The report is part of the World Bank’s series of low-carbon growth studies. Poland’s greenhouse gas emissions are not large by global standards, constituting just one percent of the total. Moreover, its per capita emissions now stand similar to the EU average, at ten tons of emissions per capita, a reflection of the sharply reduced emissions that accompanied the transition to a market economy in the 1990s. However, given its lower income levels, Poland’s economy remains today among the least emissions-efficient in the EU. Over the next few decades, Poland appears to face a particularly difficult test: catching up to EU income levels while becoming less dependent on abundant domestic coal for energy needs.

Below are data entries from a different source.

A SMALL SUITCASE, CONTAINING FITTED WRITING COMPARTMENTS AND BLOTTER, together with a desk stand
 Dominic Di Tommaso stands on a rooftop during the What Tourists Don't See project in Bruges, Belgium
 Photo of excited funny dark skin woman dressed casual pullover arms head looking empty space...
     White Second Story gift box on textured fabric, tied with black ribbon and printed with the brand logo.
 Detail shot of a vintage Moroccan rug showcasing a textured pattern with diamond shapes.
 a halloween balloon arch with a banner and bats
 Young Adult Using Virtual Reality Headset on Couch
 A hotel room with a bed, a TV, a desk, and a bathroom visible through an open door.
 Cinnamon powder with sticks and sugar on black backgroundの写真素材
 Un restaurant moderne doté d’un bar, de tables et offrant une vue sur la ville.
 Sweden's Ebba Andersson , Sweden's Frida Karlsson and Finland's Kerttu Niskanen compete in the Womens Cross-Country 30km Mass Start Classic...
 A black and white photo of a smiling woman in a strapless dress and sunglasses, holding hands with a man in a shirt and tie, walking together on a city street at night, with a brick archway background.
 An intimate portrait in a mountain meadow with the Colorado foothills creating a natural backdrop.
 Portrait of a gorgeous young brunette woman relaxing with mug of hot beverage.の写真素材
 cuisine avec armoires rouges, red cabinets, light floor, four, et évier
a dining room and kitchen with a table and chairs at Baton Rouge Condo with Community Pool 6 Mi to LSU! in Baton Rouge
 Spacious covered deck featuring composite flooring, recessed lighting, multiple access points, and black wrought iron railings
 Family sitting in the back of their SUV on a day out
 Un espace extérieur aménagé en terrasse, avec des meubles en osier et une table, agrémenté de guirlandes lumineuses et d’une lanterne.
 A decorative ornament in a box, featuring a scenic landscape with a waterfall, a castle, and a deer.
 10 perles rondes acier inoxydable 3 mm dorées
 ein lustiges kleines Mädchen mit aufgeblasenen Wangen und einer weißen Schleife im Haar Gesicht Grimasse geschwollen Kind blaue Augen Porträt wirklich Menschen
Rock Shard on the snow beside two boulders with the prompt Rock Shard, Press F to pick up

The international agreement on climate change that is expected to eventually supersede the Kyoto Protocol and, more immediately, compliance with EU energy and climate policies, pose policy challenges for Poland. The EU 20-20-20 package requires Poland’s energy-intensive sectors, covered by the EU Emissions Trading Scheme, to contribute to the EU-wide target of a 21 percent reduction (compared with 2005) while allowing Poland’s other sectors’ emissions to increase by only 14 percent until 2020.

“We deliberately use the word ‘transition’ to indicate how comprehensive, cross-sectoral, long-lasting, and challenging this process of moving to a low-emissions economy is,” said Erika Jorgensen, Economic Adviser for the World Bank’s Europe and Central Asia Region and leading author of the report. “Still, we think this process should be much less challenging than the transition from central planning to a market economy that Poland went through in the early 1990s.”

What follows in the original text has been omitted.